### Task to carry out
Below are the records; print exactly the lines from the one with "Maserati Levante, 2023" through the last, both included, and leave the pictures out.

Data extracted from a collection:
━━━

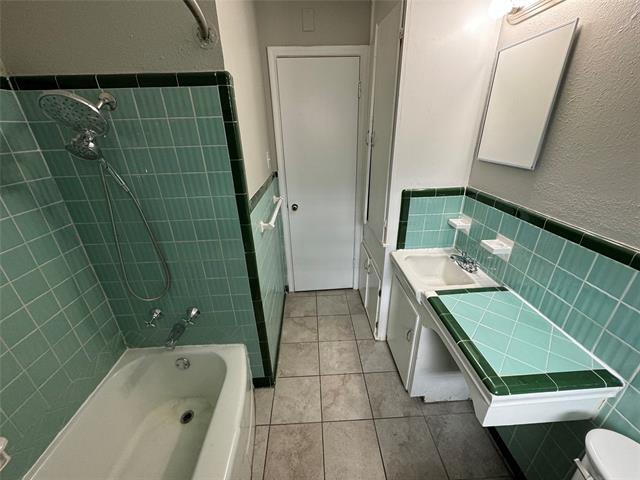Building Photo - 2322 Costa Mesa Dr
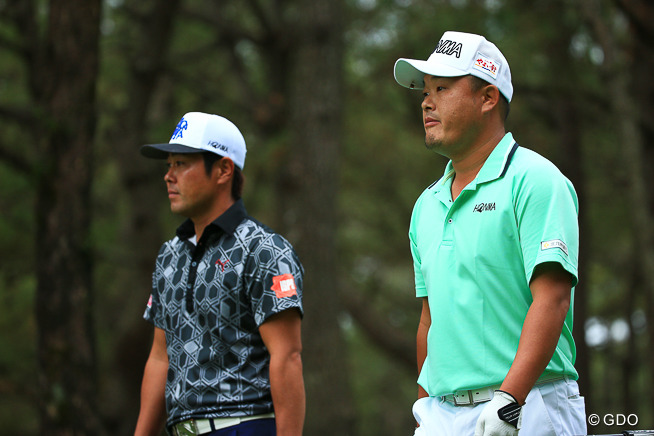 ともに1978年生まれの谷原秀人（左）と小田孔明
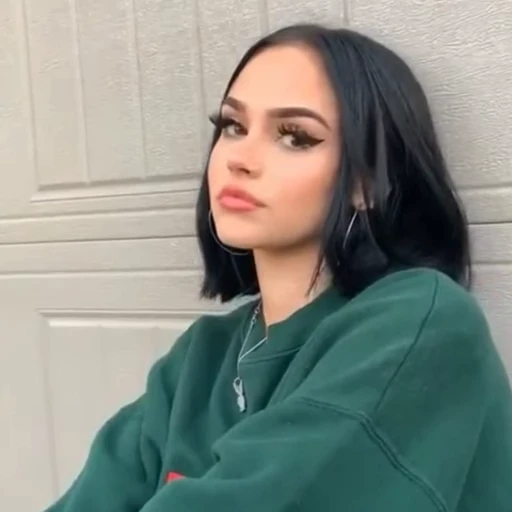 Стикерпак Maggie Lindemann для Telegram — скачать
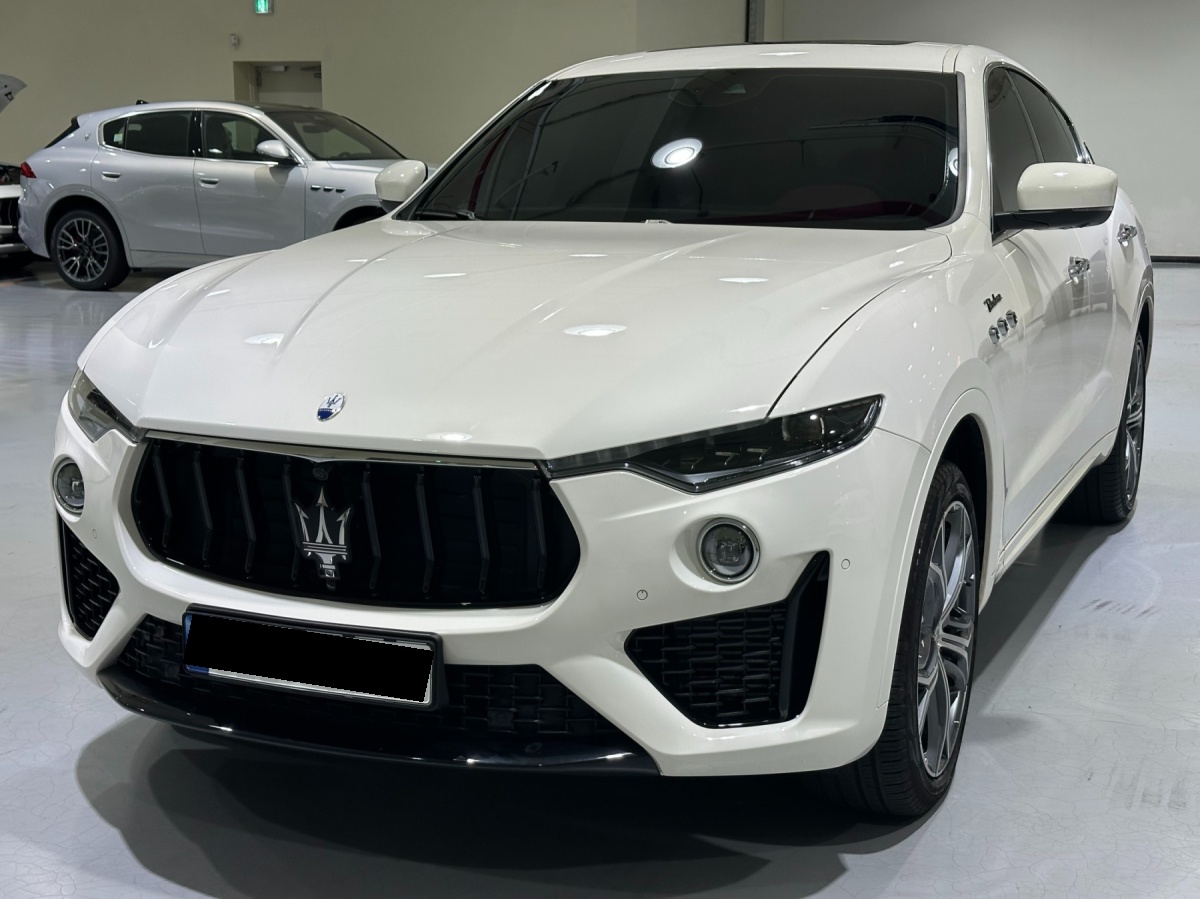 Maserati Levante, 2023 — купить в Кирове под ключ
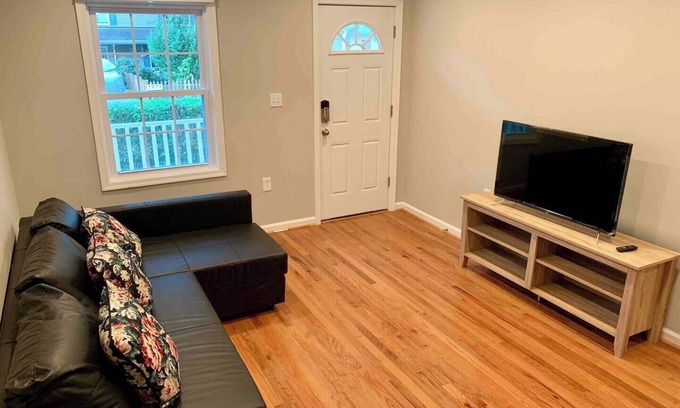 College Park House | Rare 2Bed 2Bath House - 6 min walk to metro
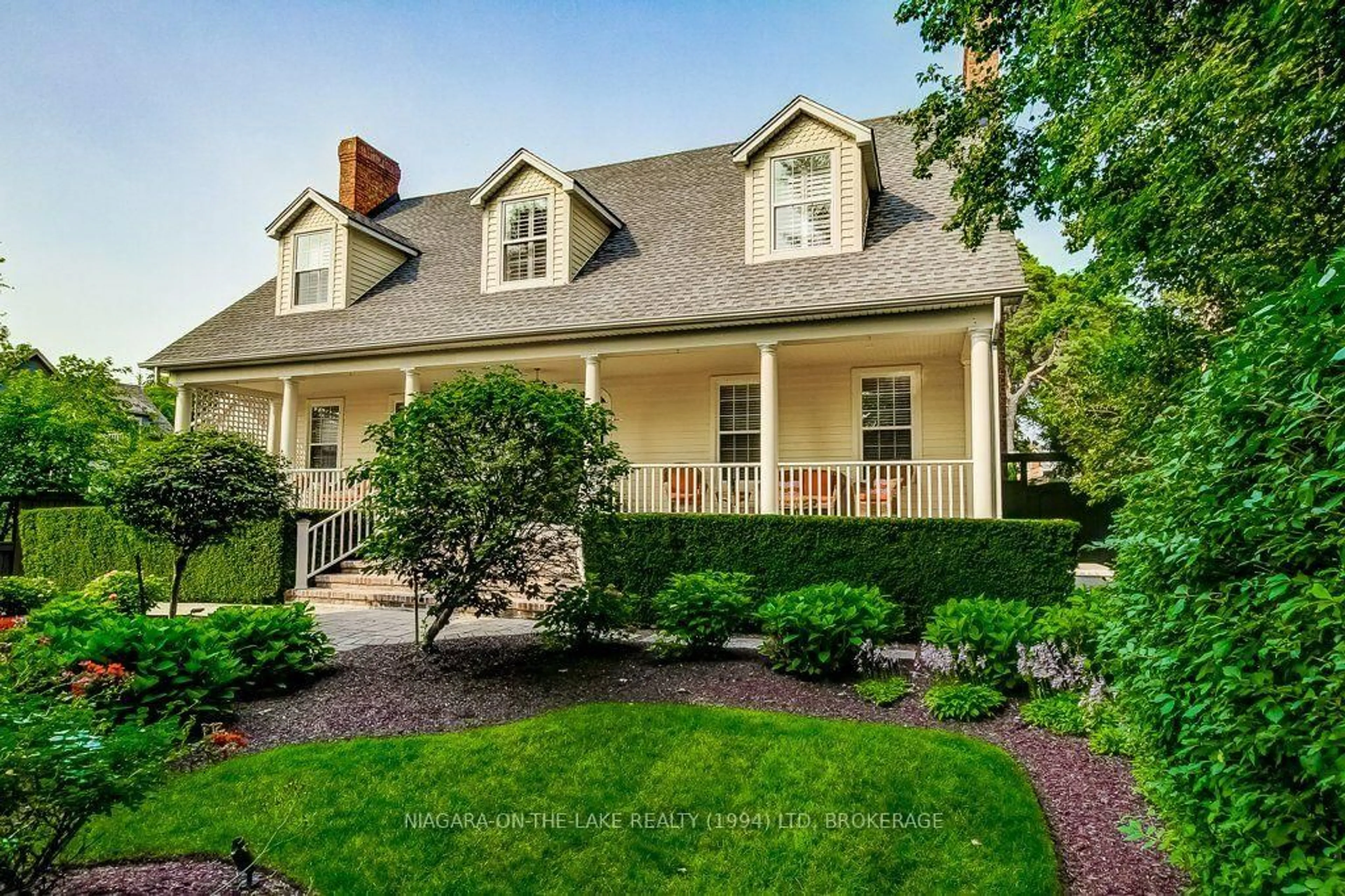 Home with brick exterior material, street for 377 Johnson St, Niagara-on-the-Lake Ontario L0S 1J0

━━━

### Completed exercise
 Maserati Levante, 2023 — купить в Кирове под ключ
 College Park House | Rare 2Bed 2Bath House - 6 min walk to metro
 Home with brick exterior material, street for 377 Johnson St, Niagara-on-the-Lake Ontario L0S 1J0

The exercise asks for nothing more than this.